SINGAPORE — It is easy to be lured by promises of high returns in an investment that seems fool-proof, and if a trusted and long-time friend is part of the deal, what could possibly go wrong?

Jeni*, a professional in the health and fitness industry, in her 40s, found out the hard way that If it sounds too good to be true, it usually is.

“About five years or so ago, an ex-classmate from secondary school and junior college days approached me with a new venture she had just entered into. She was hoping for my support. It was a land-banking scheme led by a company called A2A Capital Management.

At the time, the company was based in Singapore but I believe that it may have closed by now. I never visited the main office, only the sales office at Raffles Place, that went by the name Wealth Foundation. Presentations and talks were held there.

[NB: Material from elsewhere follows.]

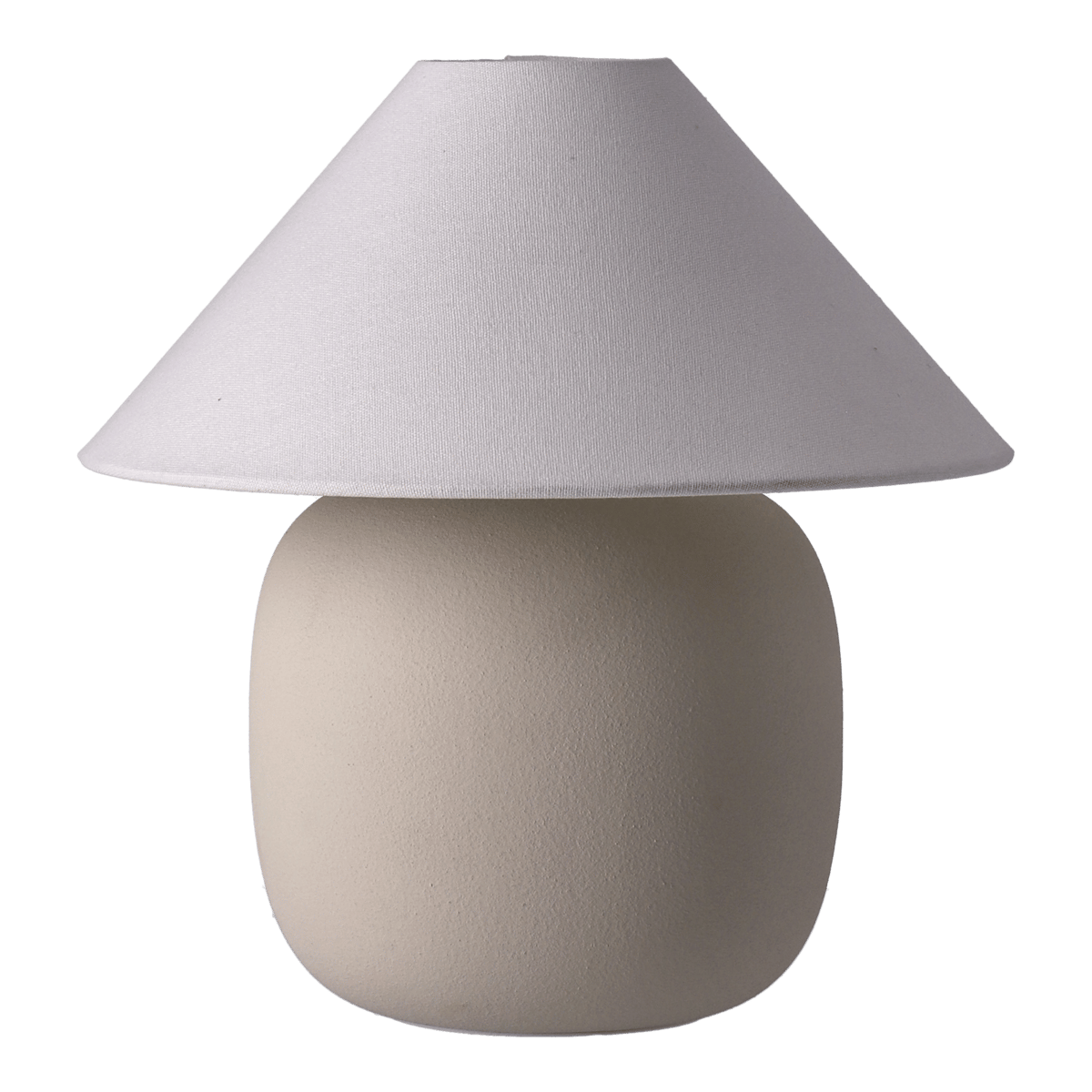 Scandi Living Boulder bordlampe 29 cm beige-white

Basically, I had to invest a sum of money in real estate in Canada — Meaford Highlands Resort and Wingham Creek. Once a project qualified for development on the land, I would get a payout. On paper, the returns were extremely attractive: double the capital or more within five years or less. If not, I had the option to get back my original investment in full. The sales managers assured that it would be strange if it took more than three years.

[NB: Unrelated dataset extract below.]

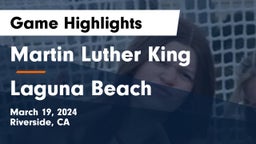 Martin Luther King  vs Laguna Beach  Game Highlights - March 19, 2024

Credible, professional-looking collateral such as the title deed and official contract, helped to convince me.

Did I have any apprehensions? Of course! I was afraid of losing my money, which was why I only pumped in the minimum of C$10,000. Besides, I had limited resources. The company was new to me, and I had no prior experience in that industry.

Ultimately, I chose to override my fears: My friend and I went way back, so trust was not an issue. I also wanted to do my part as a friend. My mum was suspicious of her from the start but she supported my decision anyway.

Besides the monetary commitment, my friend also roped me in to be part of her sales team. For every successful sign-up, the company would give me a small commission. I was able to recruit six people, who put in a total of C$150,000.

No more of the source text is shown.